Dalam lampiran DKB (daftar kayu bulat) tertera sumber kayu berasal dari tumpukan kayu yang telah dibuat LHP (laporan hasil penebangan) No. 13/LHP-KB/Pinus-TAS/VII/12 tgl. 31 Juli 2012. Berarti menurut LHP, kayu berasal dari tebangan lama sebulan lalu, tapi tak jelas apakah dari LHP-KB atau LHP-KBK. Tetapi dari pemeriksaan masyarakat sa`at itu didampingi anggota Polsek Sipirok, kayu yang diangkut bercampur-aduk tumpang-tindih antara KB dengan KBK. “Ini jelas pelanggaran, karena jika diangkut dari TPK (tempat penimbunan kayu) TPL di Maragordong Kecamatan Angkola Timur, tumpukan KB berbeda dengan tumpukan KBK”, ujar seorang penonton staf Dishutpropsu yang pas lagi pulang berlibur ke kampungnya di Sipirok.

Baca Juga :  Petani Karet Tapsel Mengeluh

Walau dokumen angkut FAKB menyebut kayu berasal dari TPK Maragordong, tetapi, “Supir Ramli Pandapotan sewaktu ditanyai, mengaku kayu tebangan baru 1-2 hari lalu yang masih basah bergetah, dimuat dari Tpn (tempat penumpukan kayu) dekat lokasi penebangan di Desa Garonggang”, tutur Faisal Reza Pardede. Keterangan supir tronton ini semakin mengungkap kasus manipulasi penebangan TPL. Karena, “Pemuatan kayu tebangan baru dari Tpn membuktikan kayu tsb belum disahkan LHP dan belum dibayar setoran DR (dana reboisasi) dan PSDH (provisi sumber daya hutan), dan dipakainya data LHP kayu tgl 31 Juli 2012 justru menambah bukti TPL memang sengaja merekayasa administrasi yang memanipulasi data dan fakta. Di samping pemuatan kayu dari Tpn tapi dokumen FAKB menyebut kayu dimuat di TPK Maragordong membuktikan kejahatan TPL sengaja memasukkan keterangan palsu ke dalam dokumen autentik”, tuding Achmad RM Hutasuhut dir. LSM Alarm yang memantau razia warga Sipirok tsb.
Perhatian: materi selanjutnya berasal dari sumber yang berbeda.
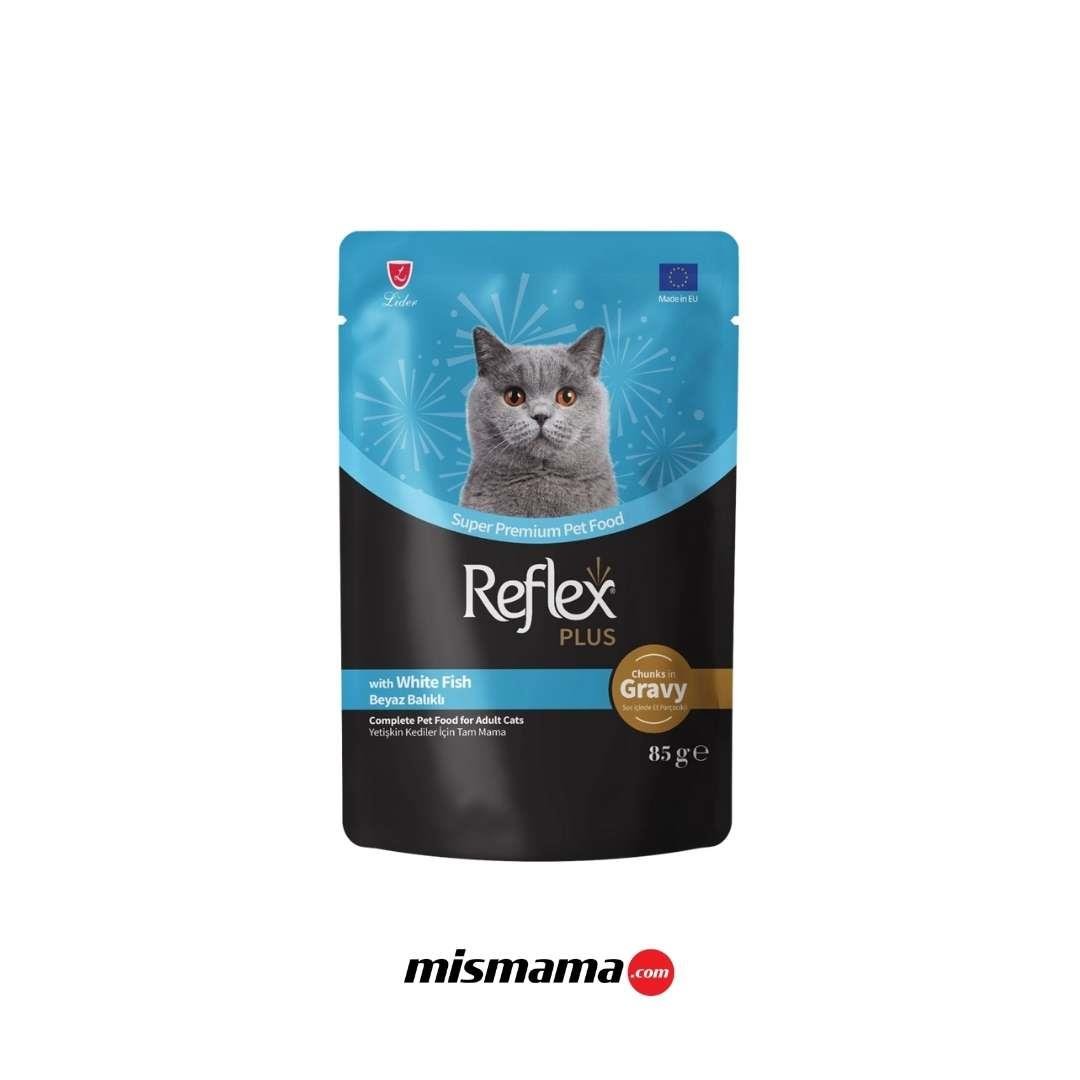 Reflex Plus Sos İçinde Et Parçacıklı Beyaz Balıklı Yetişkin Kedi Maması 85g x 22 Adet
Prihatinnya, para pejabat terkait wewenang dan tanggungjawab hukum terhadap kejahatan TPL tsb terkesan terlalu pengecut menghadapi sosial kontrol pemuda dan pers. Mulai dari Kasat Reskrim Polres Tapsel, AKP Lukmin Siregar yang reputasinya mulai tercemar gara-gara kasus Polres Tapsel tangkap-lepas 5 truck kayu TPL, Plt Kadishut yang juga Asisten-1/Pemerintahan Pemkab Tapsel, Aswad Daulay yang selama ini selalu tampil sok tahu aturan kehutanan, serta staf bawahannya Kabid Perencanaan Agus Salim Siregar yang dalih dan kilahnya sering manis muluk tapi kinerja sering nyeleweng dan P2LHP Dishut Tapsel, Mayor Siagian yang seharusnya becus mengawasi kinerja TPL ternyata bobrok, semuanya tak ada yang becus menjawab konfirmasi pers alias adem ayem bungkem melempem. (Ryzach Morniff)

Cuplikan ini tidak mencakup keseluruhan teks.